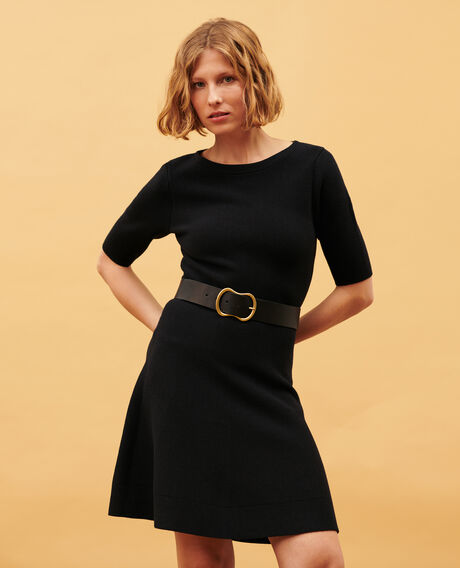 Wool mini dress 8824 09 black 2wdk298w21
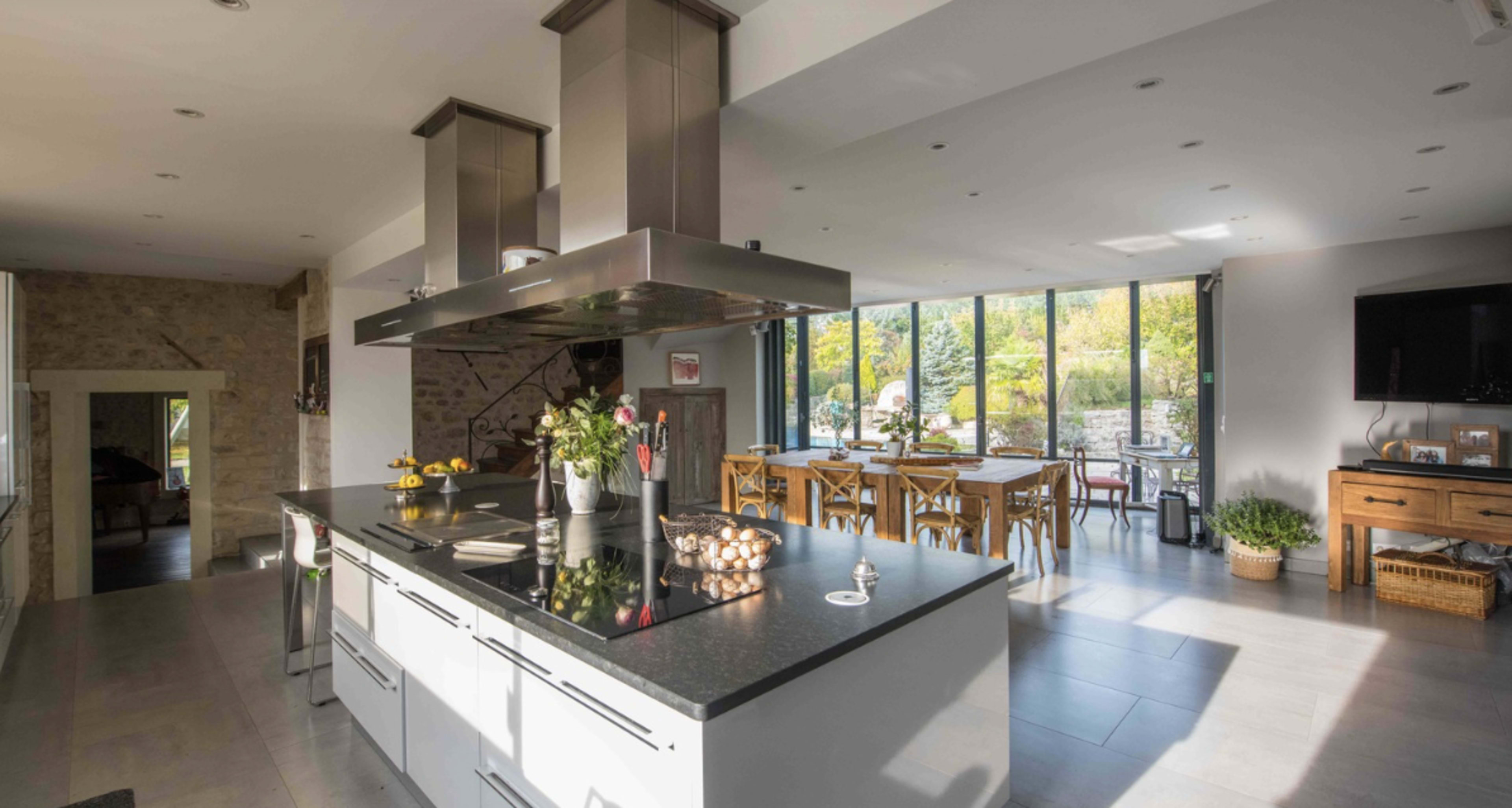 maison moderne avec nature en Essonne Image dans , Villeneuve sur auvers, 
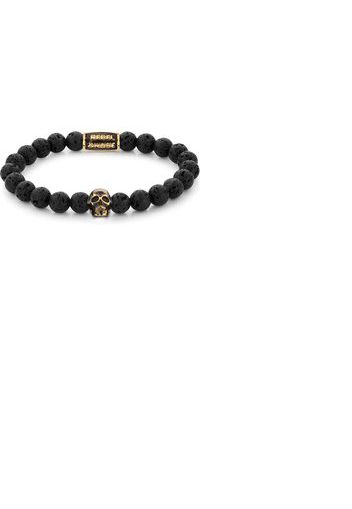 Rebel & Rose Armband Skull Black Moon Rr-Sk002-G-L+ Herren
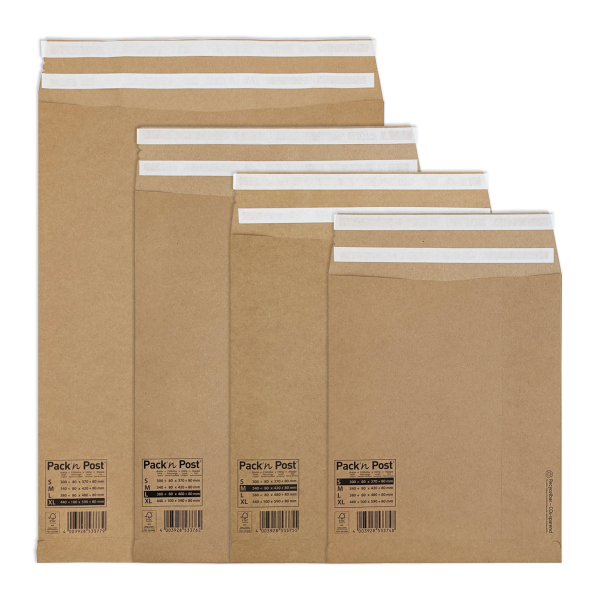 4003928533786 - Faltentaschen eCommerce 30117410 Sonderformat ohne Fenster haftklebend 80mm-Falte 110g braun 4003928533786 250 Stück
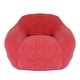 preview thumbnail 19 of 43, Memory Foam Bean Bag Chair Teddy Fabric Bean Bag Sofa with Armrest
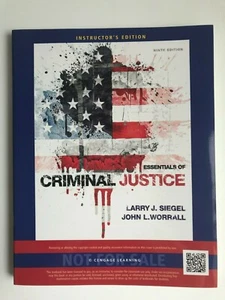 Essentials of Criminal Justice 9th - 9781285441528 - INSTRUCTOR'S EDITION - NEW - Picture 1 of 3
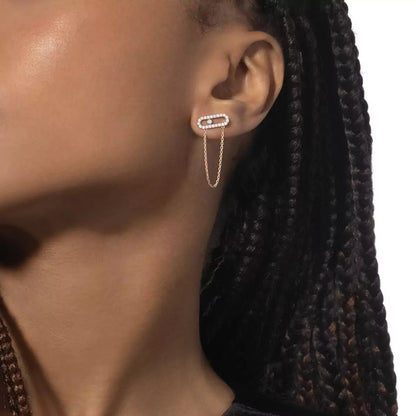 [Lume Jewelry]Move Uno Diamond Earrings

### Work required:
Set out the material once more, exact in every line, with no images.

### The completed task:
 Wool mini dress 8824 09 black 2wdk298w21
 maison moderne avec nature en Essonne Image dans , Villeneuve sur auvers, 
 Rebel & Rose Armband Skull Black Moon Rr-Sk002-G-L+ Herren
 4003928533786 - Faltentaschen eCommerce 30117410 Sonderformat ohne Fenster haftklebend 80mm-Falte 110g braun 4003928533786 250 Stück
 preview thumbnail 19 of 43, Memory Foam Bean Bag Chair Teddy Fabric Bean Bag Sofa with Armrest
 Essentials of Criminal Justice 9th - 9781285441528 - INSTRUCTOR'S EDITION - NEW - Picture 1 of 3
 [Lume Jewelry]Move Uno Diamond Earrings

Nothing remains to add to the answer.